Bail-In Bond Clarity Leaves Swedish Banks Better Off Than Feared

  • Swedish banks will need to issue $56 billion to meet MREL
  • Analysts say guidelines are ‘softer’ than first indicated

Scandinavia’s biggest economy won’t be quite as tough on bank bondholders as first feared.

Sweden last week unveiled a framework designed to ensure taxpayers never pay for finance industry failures. The main takeaway is that so-called minimum requirements for own funds and eligible liabilities (MREL) won’t be as draconian as initially signaled.

Sweden’s debt office, which decides how Europe’s bank recovery and resolution directive is to be enforced locally, backed away from the rules it had previously indicated might be needed and that would have left more creditors on the hook in the event of an issuer failing.

The Swedish National Debt Office estimates that the country’s four biggest banks will have to swap about $56 billion, or one-fifth of their non-subordinated debt, for subordinated instruments by 2022 to absorb losses and enable recapitalization. That’s about 25 percent less than some analysts expected. Individual MREL levels for each bank will be set before the end of this year.

“It’s a bit softer than feared after the proposal last year,” Rolv Kristian Heitmann, a credit analyst at DNB ASA, said by phone. “Still, it’s a decent amount that needs to be recapitalized if it stands like this and it probably will.”

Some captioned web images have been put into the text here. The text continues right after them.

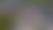 Flygbild över Gasverket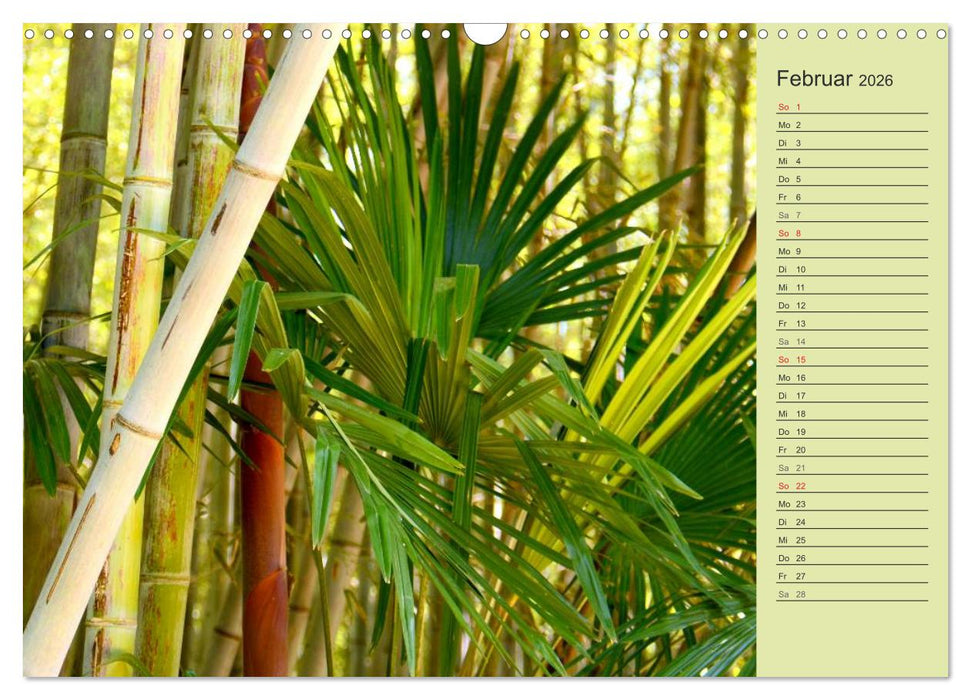 BAMBUS (CALVENDO Wandkalender 2026)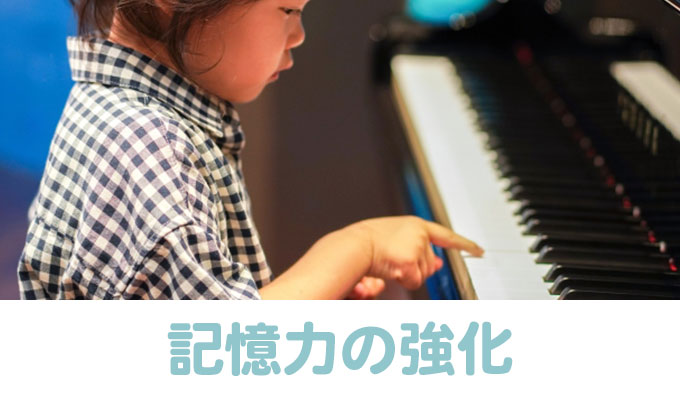 記憶力の強化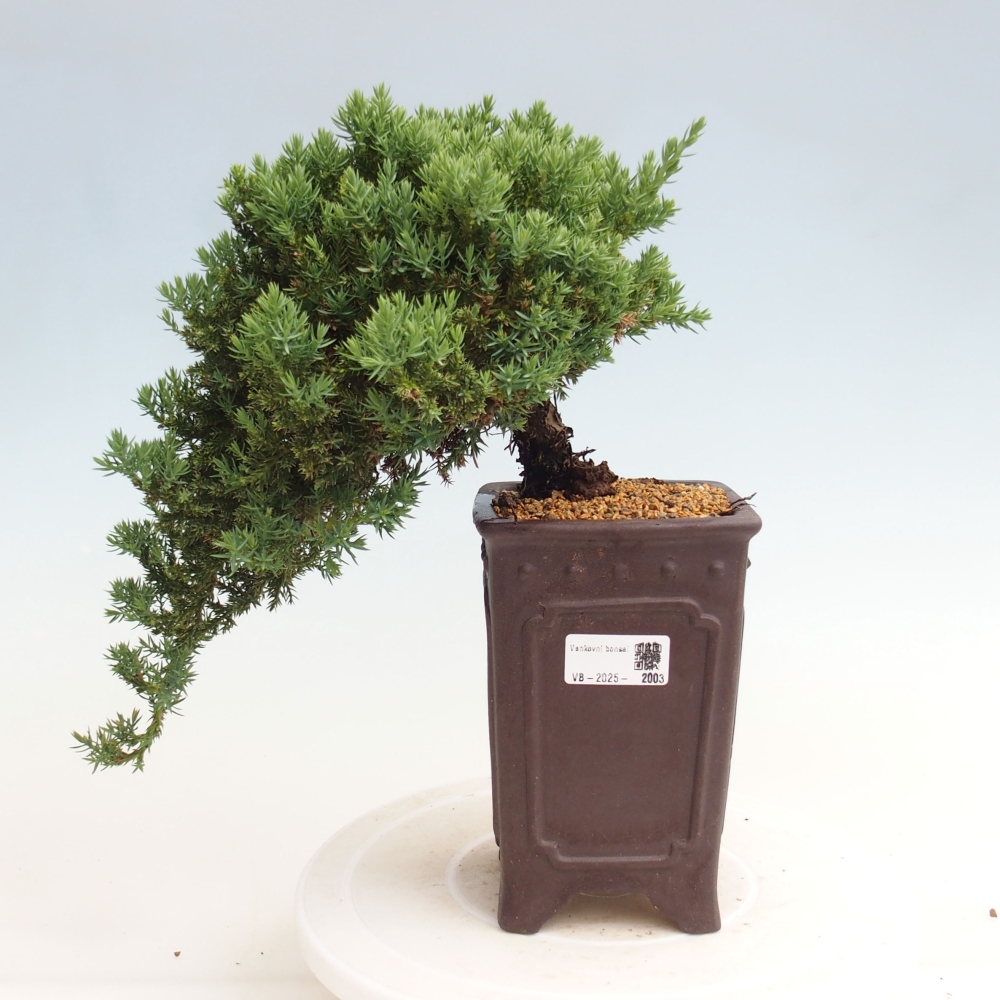 Outdoor bonsai - Juniperus procumbens - Prostrate Juniper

Read more: Sweden to raise banks’ contribution to crisis fund

The debt office’s first proposal in April triggered criticism from the Financial Supervisory Authority, which called it counterproductive. The guidelines that were published on Thursday’s follow “a good dialogue with the Swedish National Debt Office prior to the final rule making,” Peter Svensson, FSA spokesman, told Bloomberg. The office’s “finalized method for setting MREL is properly considering the role that is played by macro-prudential buffers in a going-concern situation.”

The issuance level estimated by the debt office is just three-quarters the amount Danske Bank’s credit analysts had expected Swedish lenders would have to sell. And while the measure goes into force in 2018, banks will have five years to meet the subordination requirement.

“For us, the news was that MREL issuance in relation to total funding will actually be a bit lower than our expectations,” said Gabriel Bergin, credit analyst at Danske.

The agency didn’t restrict banks’ options on how to subordinate the new debt, but said it preferred structural and legal subordination to contractual subordination. It also suggested a new debt category once regulations are in place to allow it. That’s in keeping with European Commission plans for a new senior debt class that can be converted to equity or written down in a resolution.

The plan will drive up banks’ costs since all the debt must be subordinated and the Swedish government recently eliminated tax deductions for subordinated instruments, CreditSights analysts Puja Karia and Simon Adamson said in a note. They also cited an option for the resolution authority to require banks to hold a buffer to the MREL requirement.

“MREL guidance is a new term,” they said.

Nordea Bank AB, Scandinavia’s largest lender, said the time line should enable lenders to swap out the debt. Swedbank AB, Sweden’s largest mortgage bank, said a number of factors will determine exactly how much debt it’s likely to issue and when.

That includes when the legislation allowing for statutory subordination is in place, Gabriel Francke Rodau, head of group communications, told Bloomberg. The bank has no preference for either statutory or contractual subordination, as “we can handle both,” Rodau said.

The Swedish plan may offer some insight into what Norway will do, Heitmann said. The government there is expected to unveil MREL requirements soon, and if it follows Sweden’s risk-weighted approach, “it can be very strict for Norwegian banks,” he said.